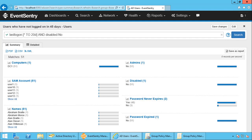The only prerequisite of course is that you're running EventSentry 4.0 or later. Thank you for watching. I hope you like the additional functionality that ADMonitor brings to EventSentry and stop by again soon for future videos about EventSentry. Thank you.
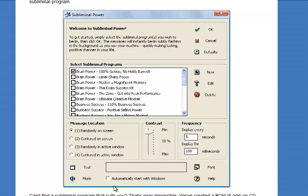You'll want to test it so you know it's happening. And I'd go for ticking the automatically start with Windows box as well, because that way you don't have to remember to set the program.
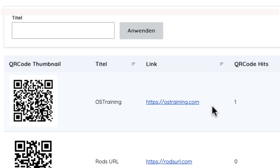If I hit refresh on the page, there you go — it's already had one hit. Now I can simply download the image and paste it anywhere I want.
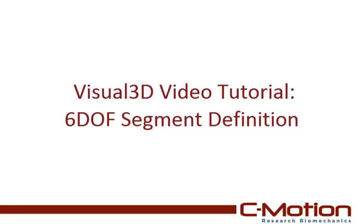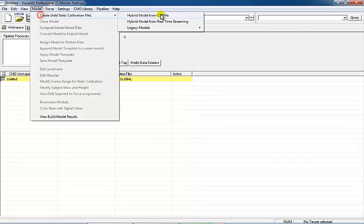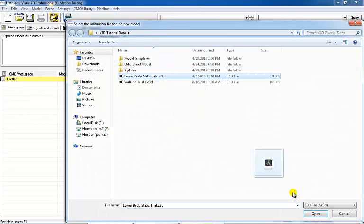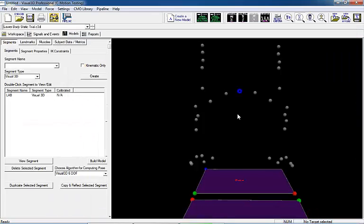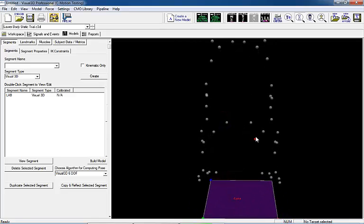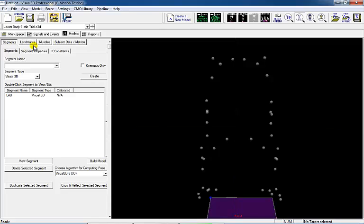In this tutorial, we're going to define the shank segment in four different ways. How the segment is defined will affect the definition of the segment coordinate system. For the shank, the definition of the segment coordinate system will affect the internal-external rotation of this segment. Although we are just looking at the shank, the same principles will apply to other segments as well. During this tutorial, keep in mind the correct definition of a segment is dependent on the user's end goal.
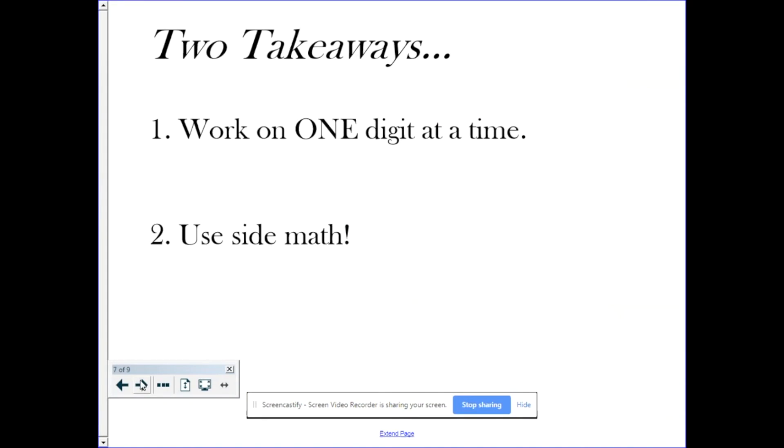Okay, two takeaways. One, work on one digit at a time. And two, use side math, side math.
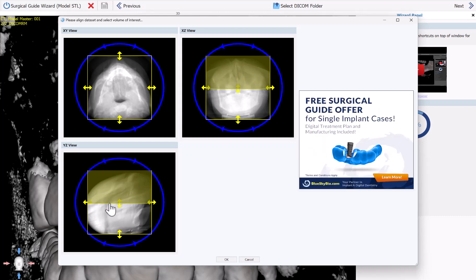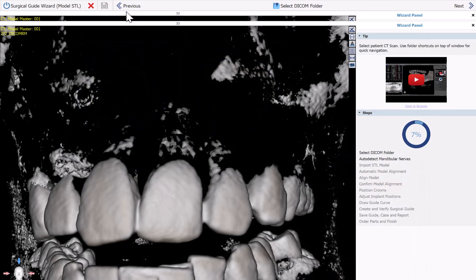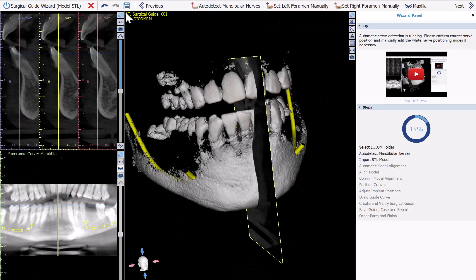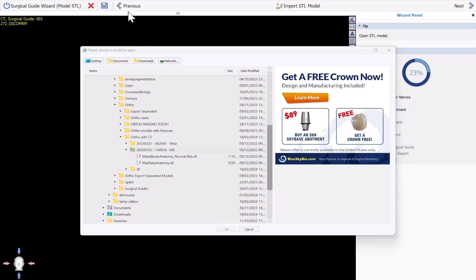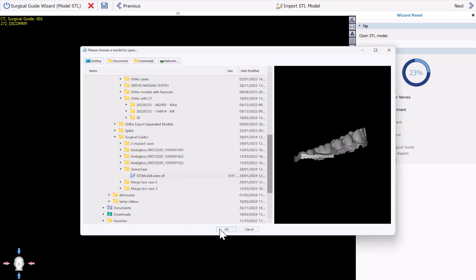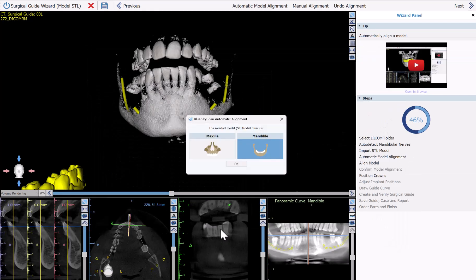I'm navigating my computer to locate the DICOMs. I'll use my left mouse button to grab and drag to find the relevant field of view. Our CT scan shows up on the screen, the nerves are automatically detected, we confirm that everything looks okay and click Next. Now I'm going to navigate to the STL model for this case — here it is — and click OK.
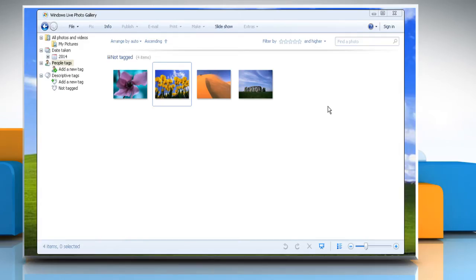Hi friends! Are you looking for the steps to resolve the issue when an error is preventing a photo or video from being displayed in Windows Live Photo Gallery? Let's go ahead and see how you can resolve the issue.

...

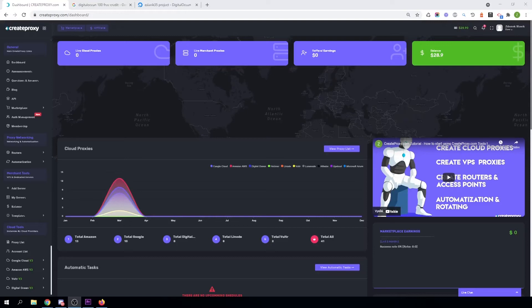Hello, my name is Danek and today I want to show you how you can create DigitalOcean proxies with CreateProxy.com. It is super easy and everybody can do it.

*Exercise aim:* Print the line above containing "I'm navigating my", the line containing "Hi friends! Are", and everything between them, exactly as written. Pictures stay out.

*Solution below:*
I'm navigating my computer to locate the DICOMs. I'll use my left mouse button to grab and drag to find the relevant field of view. Our CT scan shows up on the screen, the nerves are automatically detected, we confirm that everything looks okay and click Next. Now I'm going to navigate to the STL model for this case — here it is — and click OK.
Hi friends! Are you looking for the steps to resolve the issue when an error is preventing a photo or video from being displayed in Windows Live Photo Gallery? Let's go ahead and see how you can resolve the issue.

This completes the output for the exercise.